# Advanced Neural Circuit Policies with MLX

This notebook demonstrates advanced features of the CfC (Closed-form Continuous-time) implementation in MLX, focusing on the CfCRNN for complex sequence processing.

In [None]:
import mlx.core as mx
import mlx.nn as nn
from ncps.mlx import CfCRNN
import numpy as np
import matplotlib.pyplot as plt

## Create a Bidirectional Sequence Model

We'll create a model that processes sequences in both directions using CfCRNN.

In [None]:
class BidirectionalModel(nn.Module):
    def __init__(self, input_size, hidden_size, output_size):
        super().__init__()
        self.rnn = CfCRNN(
            input_size=input_size,
            hidden_size=hidden_size,
            num_layers=2,
            bidirectional=True,
            backbone_units=64,
            backbone_layers=2
        )
        # Since the RNN is bidirectional, output dimension is 2*hidden_size
        self.output_layer = nn.Linear(hidden_size * 2, output_size)
    
    def __call__(self, x, time_delta=None):
        # Get sequence output and final states
        sequence_output, states = self.rnn(x, time_delta=time_delta)
        # Use the final sequence output for prediction
        final_output = self.output_layer(sequence_output[:, -1])
        return final_output

## Generate Complex Sequence Data

We'll create a more complex sequence prediction task that involves multiple sinusoidal components.

In [None]:
def generate_complex_data(batch_size, seq_length):
    t = np.linspace(0, 8*np.pi, seq_length)
    
    # Create sequences with multiple frequency components
    x1 = np.sin(t)
    x2 = 0.5 * np.sin(2*t)
    x3 = 0.25 * np.sin(4*t)
    x = x1 + x2 + x3
    
    # Create batches with 2D input (two features)
    X = np.zeros((batch_size, seq_length-1, 2))
    y = np.zeros((batch_size, 2))
    
    for i in range(batch_size):
        start_idx = np.random.randint(0, len(x)-seq_length)
        # First feature is the signal
        X[i, :, 0] = x[start_idx:start_idx+seq_length-1]
        # Second feature is the derivative
        X[i, :, 1] = np.gradient(x[start_idx:start_idx+seq_length-1])
        # Target is next value and its derivative
        y[i, 0] = x[start_idx+seq_length-1]
        y[i, 1] = np.gradient(x)[start_idx+seq_length-1]
    
    return mx.array(X), mx.array(y)

# Generate example data
X, y = generate_complex_data(batch_size=1, seq_length=100)

# Plot example sequence
plt.figure(figsize=(12, 4))
plt.plot(X[0, :, 0], label='Signal')
plt.plot(X[0, :, 1], label='Derivative')
plt.legend()
plt.title('Example Training Sequence')
plt.show()

## Train the Model with Time-Aware Processing

In [None]:
# Create model and optimizer
model = BidirectionalModel(input_size=2, hidden_size=32, output_size=2)

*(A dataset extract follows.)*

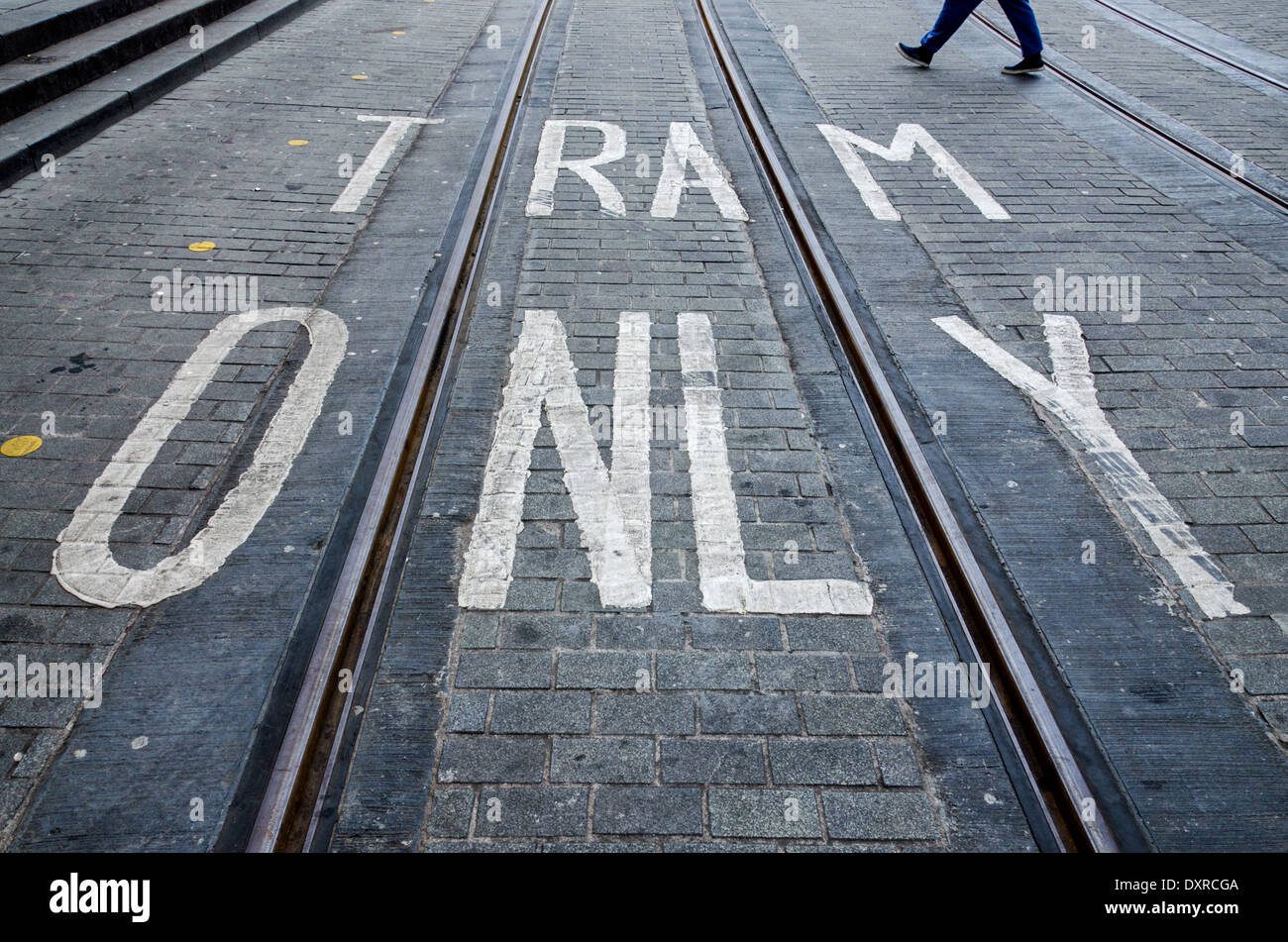 Tram Only markings and tram tracks in the centre of Edinburgh, Scotland, UK. Stock Photo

def loss_fn(model, X, y, time_delta=None):
    pred = model(X, time_delta=time_delta)
    return mx.mean((pred - y) ** 2)

# Get gradients function
loss_and_grad_fn = nn.value_and_grad(model, loss_fn)

# Training loop
batch_size = 32
seq_length = 50
n_epochs = 100

optimizer = nn.Adam(learning_rate=0.001)

losses = []
for epoch in range(n_epochs):
    X, y = generate_complex_data(batch_size, seq_length)
    
    # Create variable time deltas to demonstrate time-aware processing
    time_delta = 1.0 + 0.1 * mx.random.uniform((batch_size, seq_length-1))
    
    # Compute loss and gradients
    loss, grads = loss_and_grad_fn(model, X, y, time_delta)
    
    # Update parameters
    optimizer.update(model, grads)
    
    losses.append(float(loss))
    if epoch % 10 == 0:
        print(f"Epoch {epoch}, Loss: {loss}")

# Plot training progress
plt.figure(figsize=(10, 4))
plt.plot(losses)
plt.title('Training Loss')
plt.xlabel('Epoch')
plt.ylabel('MSE Loss')
plt.yscale('log')
plt.grid(True)
plt.show()

## Evaluate Model Predictions

In [None]:
# Generate test sequence
X_test, y_test = generate_complex_data(batch_size=1, seq_length=200)
time_delta_test = mx.ones((1, 199))  # Use constant time steps for testing

# Get predictions
pred = model(X_test, time_delta=time_delta_test)

# Plot results
plt.figure(figsize=(12, 8))

plt.subplot(211)
plt.plot(X_test[0, :, 0], label='Input Signal')
plt.plot(len(X_test[0]), float(pred[0, 0]), 'ro', label='Predicted Signal')
plt.plot(len(X_test[0]), float(y_test[0, 0]), 'go', label='True Signal')
plt.legend()
plt.title('Signal Prediction')

plt.subplot(212)
plt.plot(X_test[0, :, 1], label='Input Derivative')
plt.plot(len(X_test[0]), float(pred[0, 1]), 'ro', label='Predicted Derivative')
plt.plot(len(X_test[0]), float(y_test[0, 1]), 'go', label='True Derivative')
plt.legend()
plt.title('Derivative Prediction')

plt.tight_layout()
plt.show()